▶

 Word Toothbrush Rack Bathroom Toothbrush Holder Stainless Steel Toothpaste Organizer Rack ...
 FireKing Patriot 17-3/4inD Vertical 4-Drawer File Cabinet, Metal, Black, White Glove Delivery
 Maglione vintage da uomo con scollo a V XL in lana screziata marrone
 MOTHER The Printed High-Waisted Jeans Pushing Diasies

◀
▶

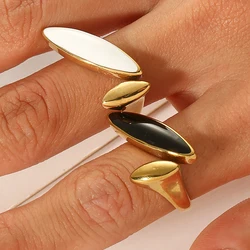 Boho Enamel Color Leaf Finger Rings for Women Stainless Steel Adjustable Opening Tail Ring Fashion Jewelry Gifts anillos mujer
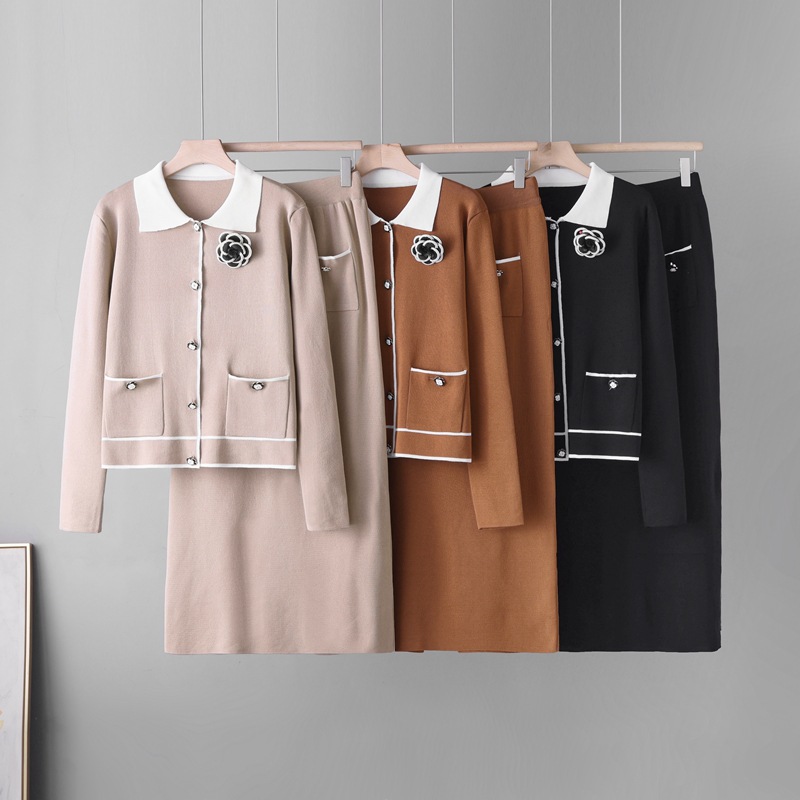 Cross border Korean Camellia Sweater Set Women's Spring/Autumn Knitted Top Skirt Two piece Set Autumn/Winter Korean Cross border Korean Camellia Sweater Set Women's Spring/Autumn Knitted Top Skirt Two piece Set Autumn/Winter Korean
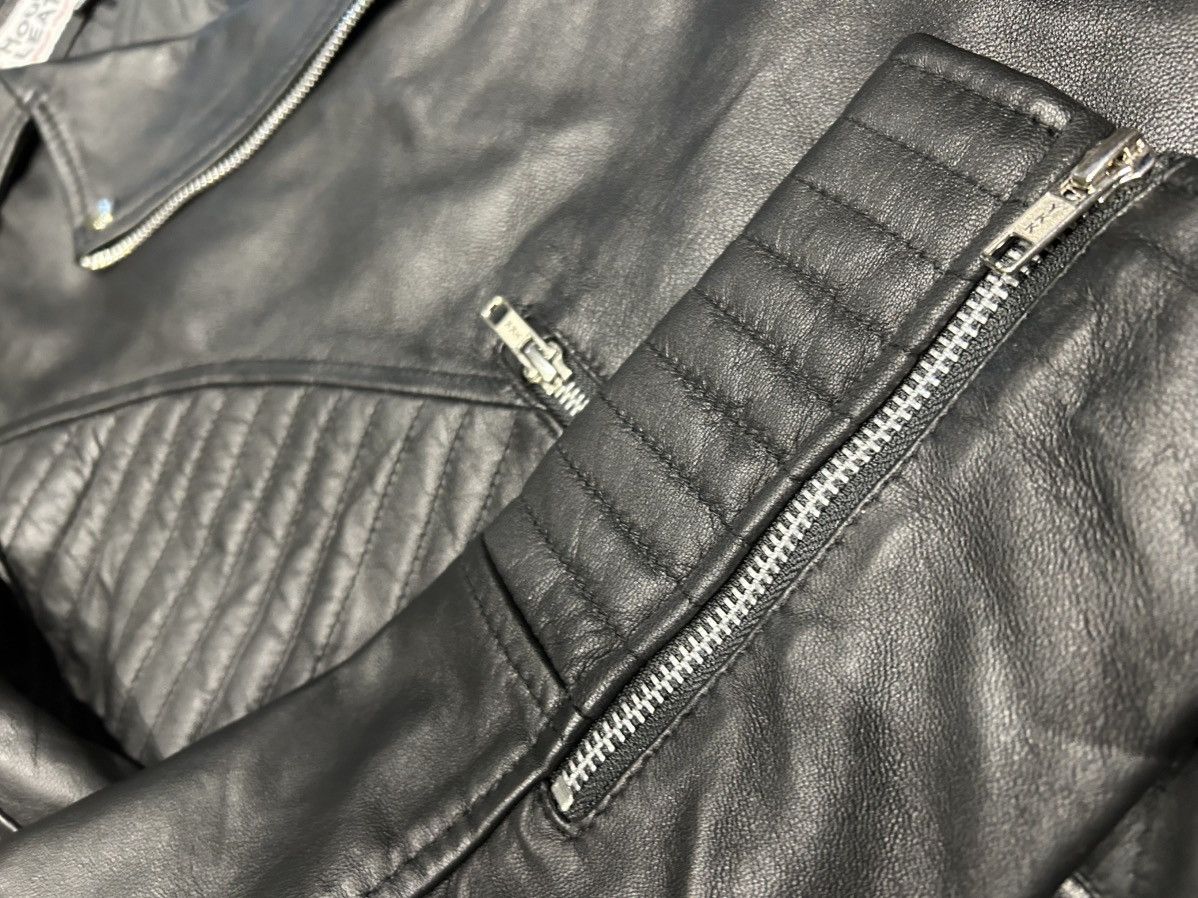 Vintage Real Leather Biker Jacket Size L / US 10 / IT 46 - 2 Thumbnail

◀
▶

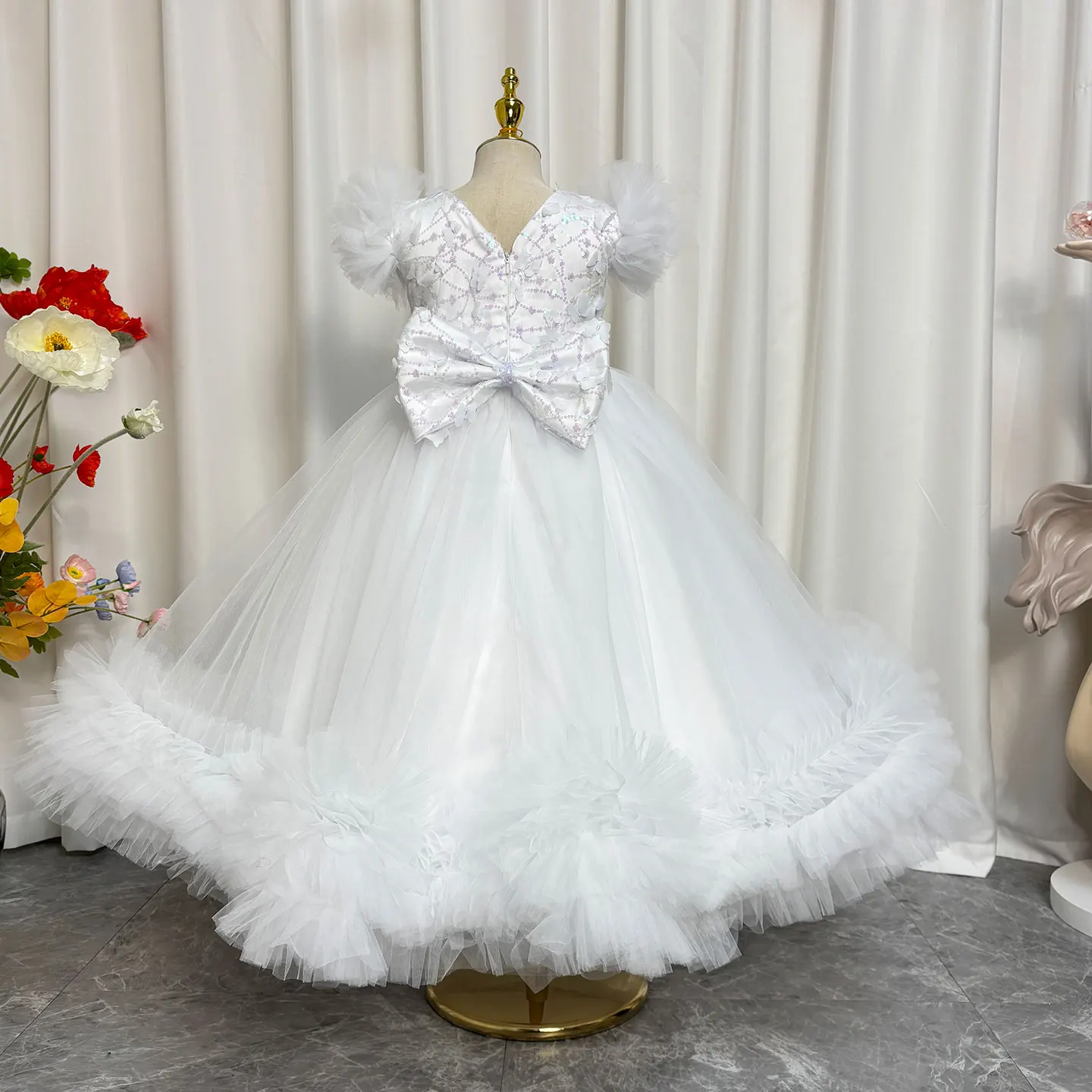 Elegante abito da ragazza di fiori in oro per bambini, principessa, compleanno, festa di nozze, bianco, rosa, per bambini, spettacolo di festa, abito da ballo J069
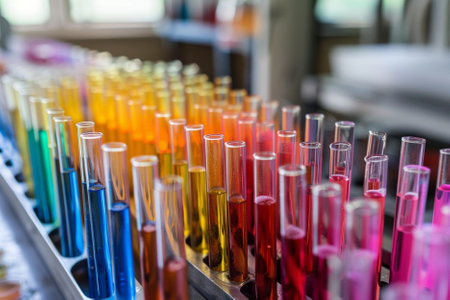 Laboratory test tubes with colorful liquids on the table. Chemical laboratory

◀

EXERCISE PROMPT |
Repeat, exactly as they stand above, the lines from the line with "Maglione vintage da" to the line with "MOTHER The Printed", both lines included.

YOUR RESPONSE |
 Maglione vintage da uomo con scollo a V XL in lana screziata marrone
 MOTHER The Printed High-Waisted Jeans Pushing Diasies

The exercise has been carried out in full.